Not only has the whole “ex-gay” or “reparative therapy” thing been debunked by the scientific community, no major scientific group actually approves “treatment” to change sexual orientation. No one, from the American Psychiatric Association to the American Psychological Association, even considers homosexuality something to be cured.

So what you have with the ex-gay industry is a bogus cure in search of a disease, and more to the point, several organizations who have found that the whole useless endeavor can generate a lot of cash.

So, far from being a grassroots movement, the ex-gay scam is a business, albeit “non-profit.”

Meanwhile, back to JONAH.

The group was co-founded by a fellow named Arthur Abba Goldberg. Seems he was known 20 years ago in the financial community as “Abba Cadabra” for his apparent wizardry with money. That wizardry turned out to be a scam, and Goldberg was convicted of federal mail and wire fraud as well as a conspiracy to sell worthless bonds.

The guy is a real peach, and now he has reinvented himself as the leader of an “ex-gay” therapy group.

One of his “life coaches,” Alan Downing, recently has been implicated in something a bit more touchy-feely than you would expect from an ex-gay. According to men who went to Downing, part of his treatment involves having clients strip naked in front of a mirror while touching parts of their bodies, including their genitals.

The activity is observed by the “therapist” while he encourages the subject to “internalize his masculinity.” If this sounds like a voyeurs’ delight, you haven’t heard anything yet.

Downing and Goldberg are part of another bunch called “People Can Change.” A big part of their “therapy” is participating in a retreat near Phoenix, called “Journey into Manhood.” According to a writer, Ted Cox, who secretly attended one of the sessions, for $650 a pop you get to participate in a group grope for the weekend.

Now if this sounds homoerotic, what goes on there seems even less like therapy and more like just plain sex. Participants make the journey to manhood by hugging, touching and lying on each other in a “cuddle room.” Manly stuff!

If this were a Body Electric retreat I could understand it, but for something that is supposed to “cure” homosexuality, it seems to be far off the mark.

My whole point is that the “ex-gay” industry is rife with scandal. From George Rekers, the anti- gay activist who hired a “rent boy” for a European vacation, to John Paulk, former chairman of Exodus International who was photographed coming out of a gay bar in Washington D.C., the ex-gays just can’t seem to keep their gay from coming out.

I fully expect to hear about even more surprises from the reparative therapy scam in the future.
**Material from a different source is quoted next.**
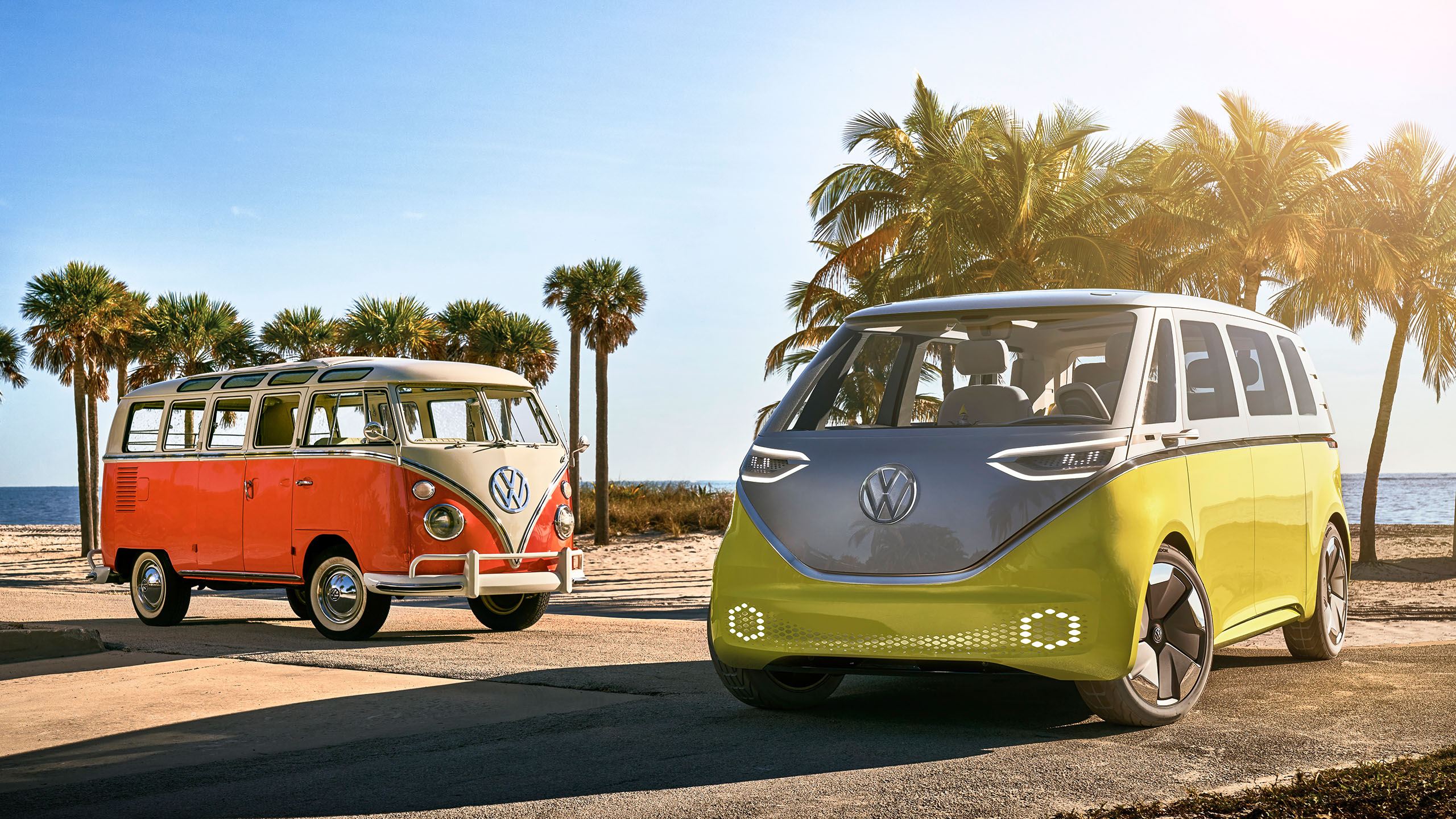 Steffen Szameitat 🚢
But I shouldn’t be surprised.

It all stems from the greed of folks who see in gay men a vulnerability, especially if those gay men have not fully accepted their own sexuality. It is the worst kind of deceit, to prey on the psychologically vulnerable and manipulate them for cash.

It is unfortunate that they hide behind pseudo-religious organizations that protect their questionable programs as “free speech.” Maybe as more and more of these groups are exposed and debunked, their victims will see the futility of trying to change and embrace their sexuality.

That will also take society to change as well, but luckily it is already happening. Public opinion surveys show more and more Americans affirm the idea of equal rights including marriage for LGBT people.

It is my hope that some day those unhappy people who turned to groups like JONAH will emerge like the biblical Jonah from the whale into the sunlight. Then they can work on frying the bigger fish, accepting their sexuality and enjoying their lives.

Hardy Haberman is a longtime local LGBT activist and a member of Stonewall Democrats of Dallas. His blog is at http://dungeondiary.blogspot.com.

This article appeared in the Dallas Voice print edition July 23, 2010.